Europa - was soll das denn sein? - Zur Inter- bzw. Transnationalität
Emma: Ich bin auch ganz viel darüber gestolpert, über diesen Namen „Internationales europäisches Theaterfestival“, das sind drei so harte Framings, [die anderen beiden lachen] also mit „international“ würde ich heute [lachend] gar nicht mehr hantieren wollen, weil das immer noch von Nationen ausgeht - und ich weiß auch, dass das ein Begriff ist mit einer komplizierten politischen Geschichte, aber ich versuche inzwischen von einem „transeuropäischen Festival“ zu reden. Und lande dann bei so einem redundanten [lachend] „Joah, Transeuropa ist ein transeuropäisches Festival“ [die anderen lachen auch]. Ich tu mich superschwer mit dieser Setzung „Europa“. Was würdest du denn sagen: Wo sind Potenziale von so einer Setzung, wie es jetzt zum Beispiel auch mit der Europäischen Kulturhauptstadt ist.
Caro: [lachend] Oh! Emma: Ja, heute ist mein Tag der großen Fragen [lacht].
Caro: Das ist so eine von den Lieblingsfragen, weil ich echt gemerkt habe, als ich angefangen habe für dieses Kulturhauptstadt-Europas-Ding zu arbeiten, da hab ich gedacht: „Das geht alles gar nicht!“ Ich meine: Seit Jahrhunderten hat Europa das Problem, dass sie einfach nicht aus diesem zentralperspektivischen „Wir sind der Mittelpunkt der Welt und jetzt orientieren wir uns mal in alle Richtungen und so“ rauskommen. Und das war irgendwie so echt mein großes Einstiegsproblem, wie man überhaupt dieses „Europa“ da jetzt so featuren soll. Sei es, egal jetzt, in transeuropa oder in europäische Kulturhauptstadt. Und dann irgendwann habe ich so kapiert: Naja ok. Es gibt so Werte, wie zum Beispiel Demokratie und Freiheit, an die ich tatsächlich glaube und glauben will. Und die sich auch, meiner Ansicht nach, übertragen lassen von so einem nationalstaatlichen, veralteten Denken in eins, das vielleicht tatsächlich für den Planeten funktionieren könnte. Das war dann so der erste Ansatzpunkt, wo ich dachte „Okay!“. Wenn man sich bestimmte Werte rauspickt und sagt: Dafür kann jetzt vielleicht Europa glücklicherweise seit 80 Jahren stehen, weil es irgendwie keinen Krieg gab und solche Dinge. Dann fängt es an, dass man damit vorangehen kann. Und dann fängt es auch an, dass man, finde ich, so Setzungen machen kann, die dann auf eine andere Weise wieder funktionieren.
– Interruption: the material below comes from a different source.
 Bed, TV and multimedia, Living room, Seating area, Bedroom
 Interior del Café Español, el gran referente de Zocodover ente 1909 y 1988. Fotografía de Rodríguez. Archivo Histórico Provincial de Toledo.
Eva: Ja, aber gerade bei dieser Frage „international, Nationen und Grenzen“, also ich habe keine Ahnung, wie das zu deiner Transeuropazeit war, aber bei uns war da sofort eine natürliche Abwehrhaltung. Und dann war auch diese Frage: „Mit welchen Partnerländern wollen wir eigentlich dieses Festival ausrichten?“ - Es gab ja ganz, ganz viele Ausgaben, und so hat das ja auch begonnen, das ganze Transeuropa, nämlich um so Partnerschaften jenseits des Eisernen Vorhangs mit dem sogenannten „Westen“ zu stärken und so weiter und so fort. Und dann haben wir uns überlegt: „Gibt es Partnerländer, mit denen wir irgendwie gut können?“ Wir haben eine ganze Liste gemacht, haben uns da eingearbeitet, haben geguckt: wo machen wir gerne Urlaub? Wo kommen eigentlich unsere Lieblingskünstler*innen her? - und so weiter und so fort. Es war schier nicht zu lösen.
Emma: [lachend] ungefähr 50 Mal haben wir geguckt: Was ist eigentlich „Europa“? [Eva stimmt lachend zu]: Ja genau!
Caro: Ja, geographisch? Politisch?
Emma: Geschichtlich?
Eva: Der beste Fun Fact ist, dass wir rausgefunden haben, dass selbst Kasachstan geographisch zu Europa gehört.
Emma: [lachend] Aber nur zur Hälfte?
Eva: Nein, nur zu fünf Prozent der Fläche!
Emma: [lachend] Ok.
Eva: Zu fünf Prozent der Fläche - wahrscheinlich ist dieser Anteil größer als ganz Deutschland - gehört selbst Kasachstan zu Europa. Wir wussten jedenfalls nicht, wie gehen wir vor, und haben dann am Ende gesagt: „Gut, wir machen überhaupt gar keine Partnerländer“.